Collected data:
--- START ---

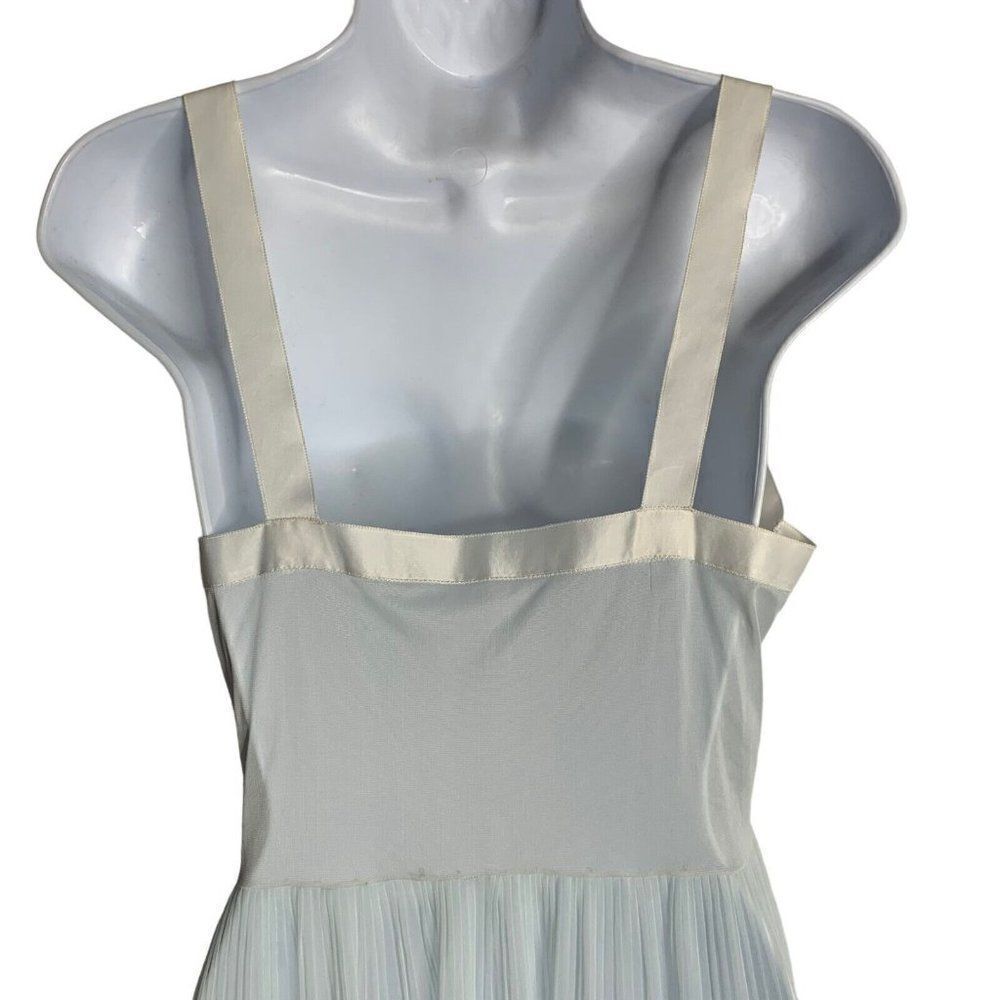 Vintage 50s Sheer Nightgown Lingerie S Light Blue Lace Accordian Pleats Maxi - Picture 6 of 7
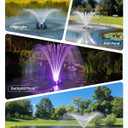 POPOSOAP Floating Pond Fountain With LED Lights, Pond Fountain Aerator Complete Kit with 1600GPH Water Pump 50FT Power Cord, 3 Spray Styles for Ponds, Pool, Lakes & Water Gardens P155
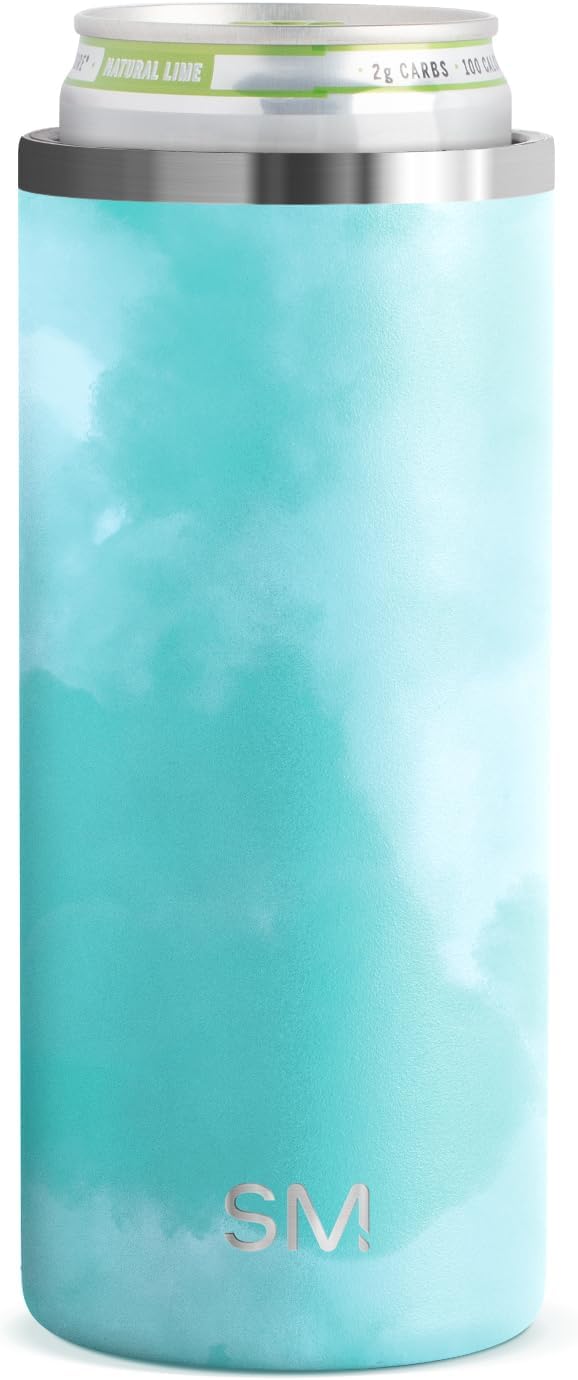 Simple Modern Ranger Skinny Can Cooler | Slim Insulated Stainless Steel Drink Sleeve Holder | Insulate Seltzer, Soda, Beer, Energy Drinks | Gift for Women Her | Slim 12oz | Ocean Tide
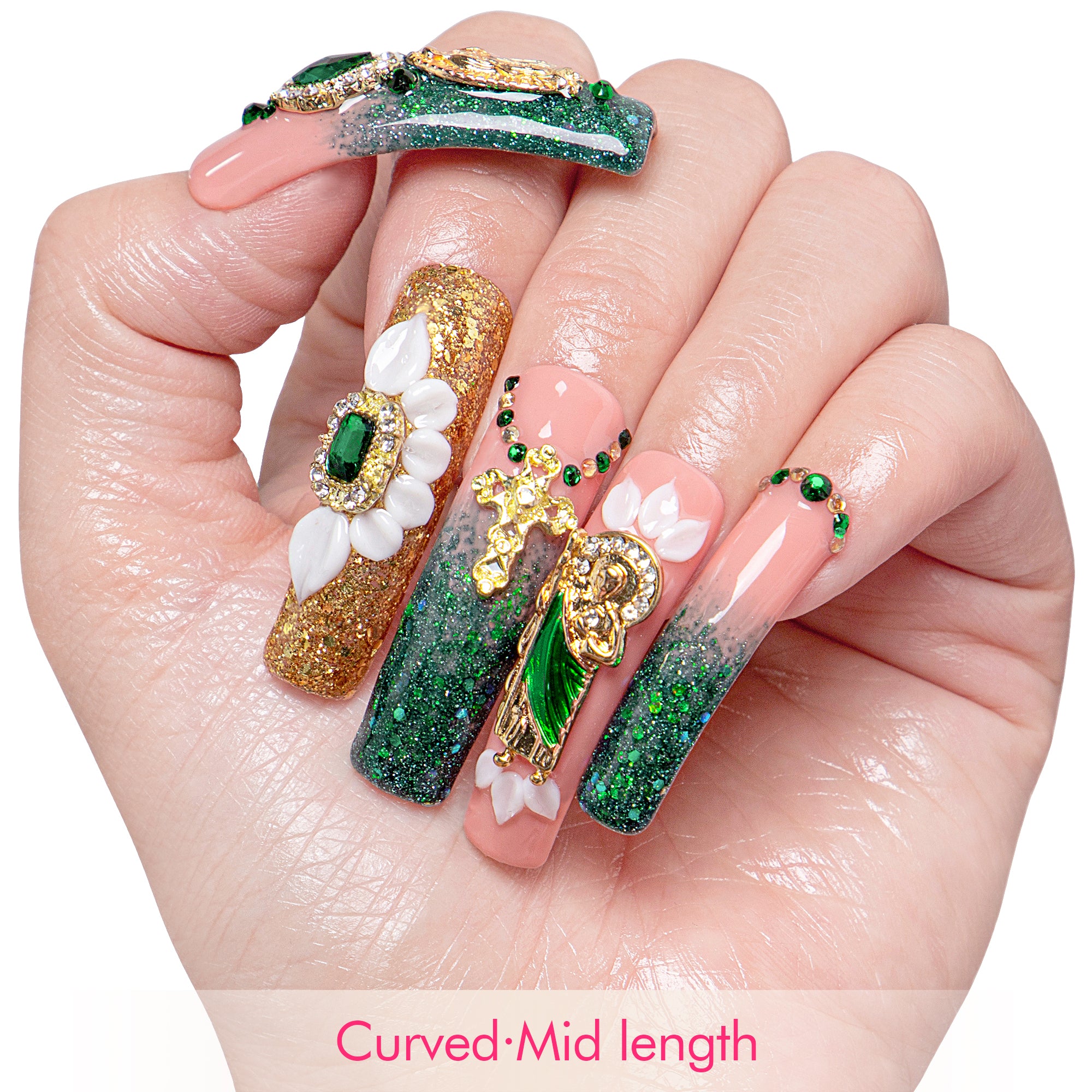 Green Enamel Handmade Nails H235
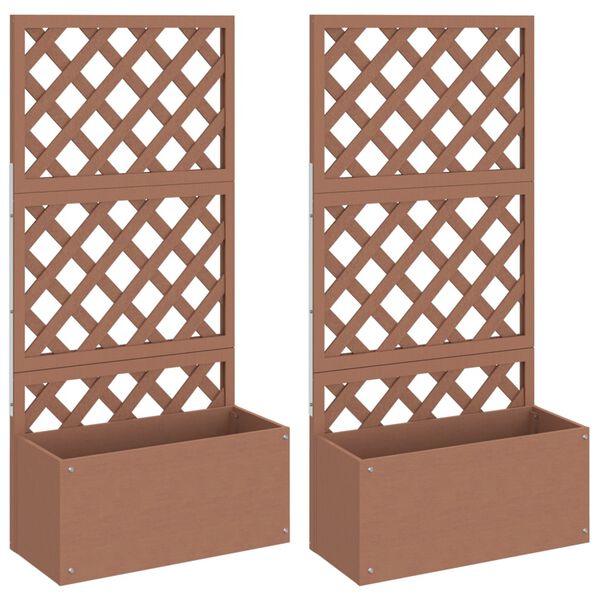 vidaXL plantekasser med espalier 2 stk. 65x33x135 cm WPC brun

--- END ---

• _Work task_
An exact reproduction of all the records is required, with no pictures included.

• _The answer_
 Vintage 50s Sheer Nightgown Lingerie S Light Blue Lace Accordian Pleats Maxi - Picture 6 of 7
 POPOSOAP Floating Pond Fountain With LED Lights, Pond Fountain Aerator Complete Kit with 1600GPH Water Pump 50FT Power Cord, 3 Spray Styles for Ponds, Pool, Lakes & Water Gardens P155
 Simple Modern Ranger Skinny Can Cooler | Slim Insulated Stainless Steel Drink Sleeve Holder | Insulate Seltzer, Soda, Beer, Energy Drinks | Gift for Women Her | Slim 12oz | Ocean Tide
 Green Enamel Handmade Nails H235
 vidaXL plantekasser med espalier 2 stk. 65x33x135 cm WPC brun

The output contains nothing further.